• WHAT TO PRODUCE
Could you retype every line below exactly, omitting the images?

• RECORDED DATA
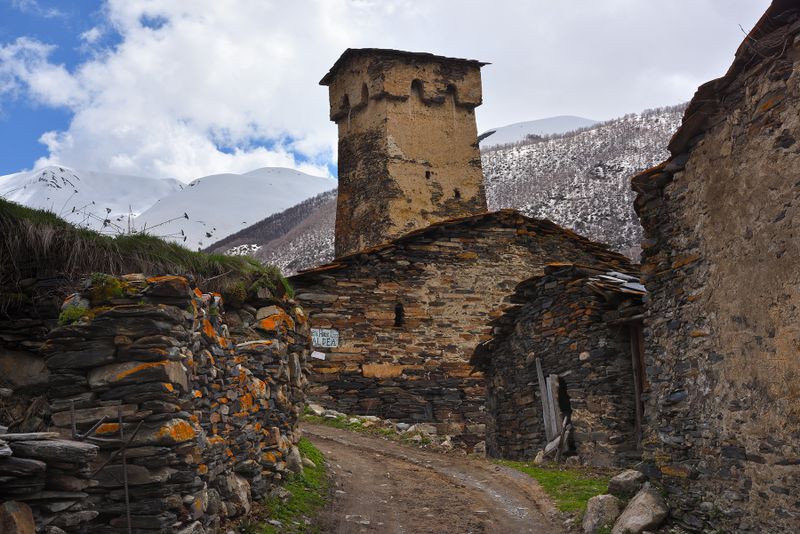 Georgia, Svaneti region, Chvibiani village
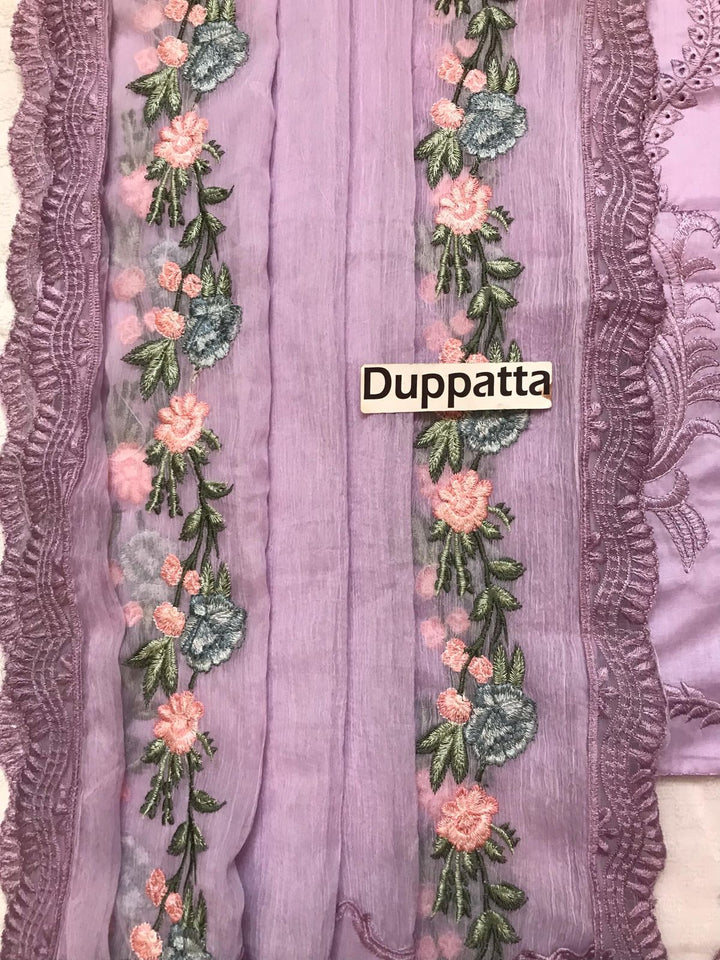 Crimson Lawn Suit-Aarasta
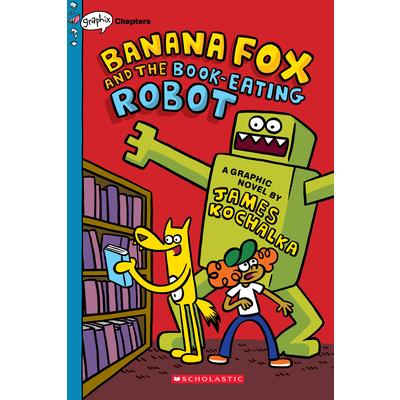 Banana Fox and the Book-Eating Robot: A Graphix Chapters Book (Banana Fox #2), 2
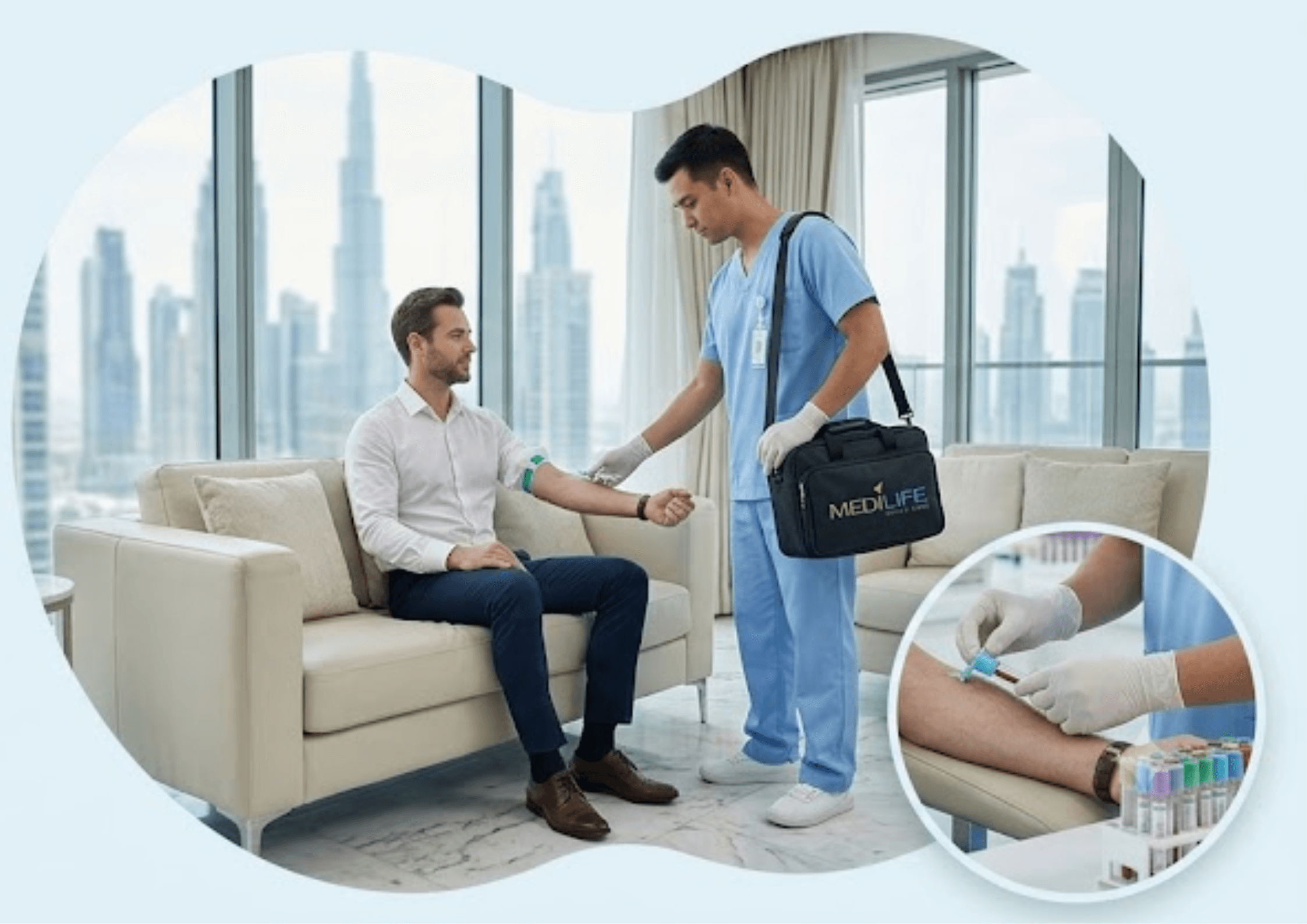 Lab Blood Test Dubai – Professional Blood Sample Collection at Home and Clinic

• ANSWER AREA
 Georgia, Svaneti region, Chvibiani village
 Crimson Lawn Suit-Aarasta
 Banana Fox and the Book-Eating Robot: A Graphix Chapters Book (Banana Fox #2), 2
 Lab Blood Test Dubai – Professional Blood Sample Collection at Home and Clinic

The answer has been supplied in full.